December 18, 2015

I've been trying to figure out a way to explain the immigration battle currently taking place between Ted Cruz and Marco Rubio that won't make your eyes glaze over. Okay, here goes: Cruz, during this week's presidential debate, said, in response to a challenge from Rubio, that he's "never supported legalization" of undocumented immigrants. But in 2013, he proposed an amendment to the bill that would allow undocumented immigrants to stay here legally, though they couldn't seek citizenship.

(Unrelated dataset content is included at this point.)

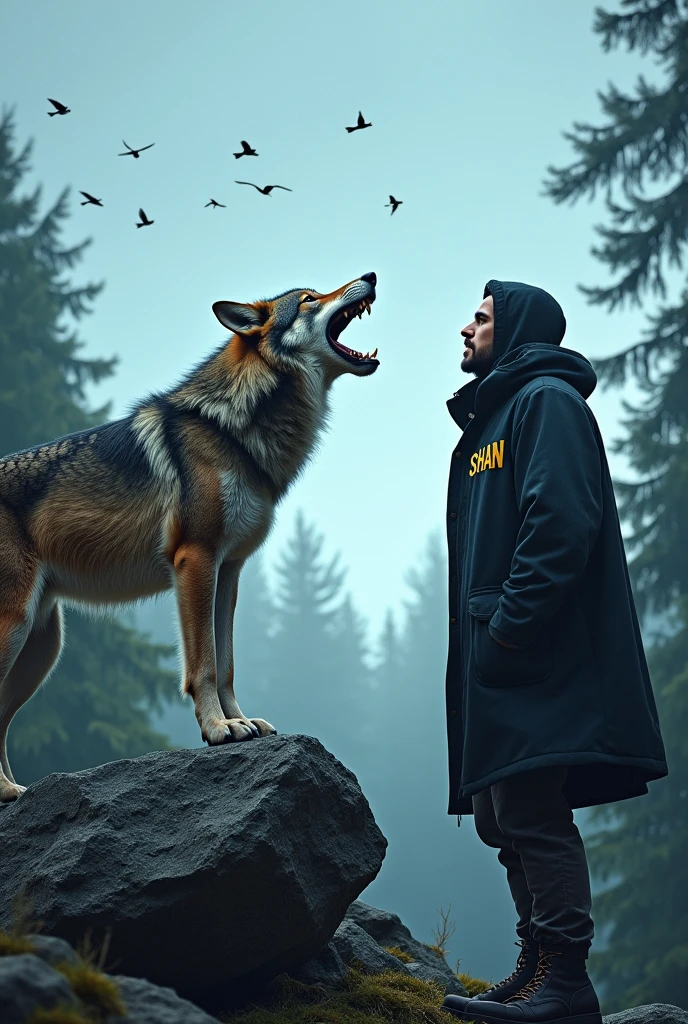A wolf standing on the rock barking with whole mouth open Scaring and looking in the eye of Man of man also standing on the same rock looking towards the sky ,the man wearing Mask looking downward and hide face with Coat cap that come from head,
at shirt name is Shan with white color background is forest with long trees and blue sky, make more realistic and some black birds fly in the background make more real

He said at the time that, under his amendment, the undocumented could become legal permanent residents, and therefore could "come out of the shadows and be legalized." On the other hand, the bill itself, crafted by the Senate's so-called Gang of Eight, which included Marco Rubio, contained a path to citizenship, not just legal status.

Given how Republican voters feel about the undocumented, Rubio's attack in the debate could be paraphrased thus: Hey, my position on immigration a couple of years ago was full of that horrible amnesty, but your position was nearly as bad, Ted. Which is why I don't understand Rubio's reasons for pressing the attack this hard. Nor do I understand why Fox's Bret Baier, essentially acting as an agent for the Republican Establishment and the Rubio campaign, thinks his grilling of Cruz on Fox was a win for Rubio and the Establishment.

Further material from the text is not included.